▸ Given material
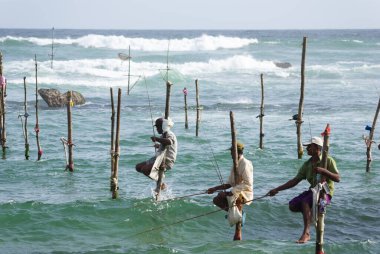 Weligama Körfezi bölgesinde geleneksel balık avı, Sri Lanka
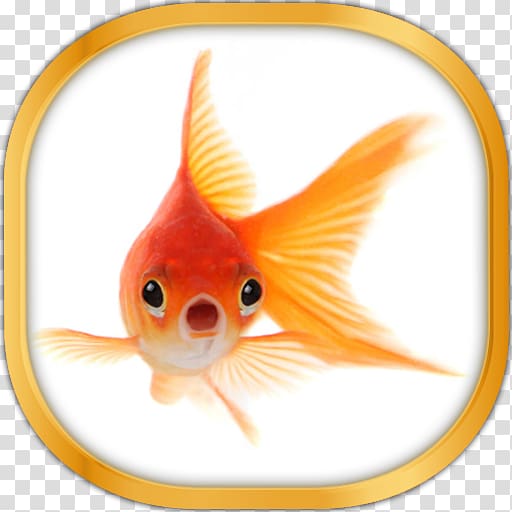 Common goldfish Oranda Koi Pet, fish transparent background PNG clipart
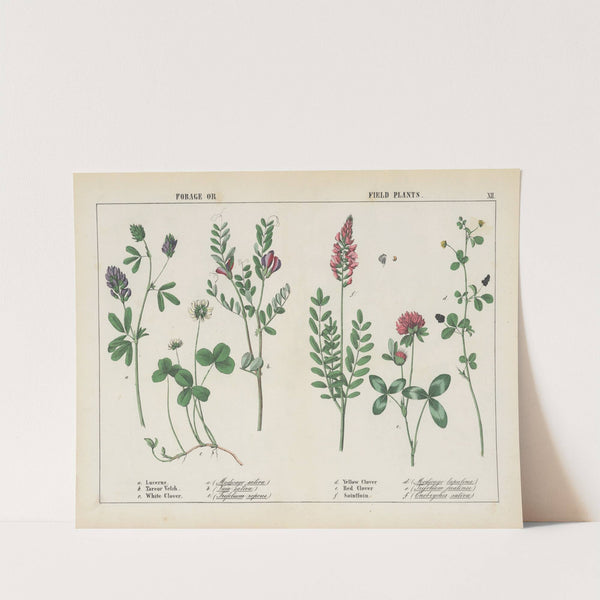 Forage or Field Plants by Charlotte Mary Yonge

▸ Work instructions
Apart from the images, reproduce the listing exactly as it appears.

▸ Answer section
 Weligama Körfezi bölgesinde geleneksel balık avı, Sri Lanka
 Common goldfish Oranda Koi Pet, fish transparent background PNG clipart
 Forage or Field Plants by Charlotte Mary Yonge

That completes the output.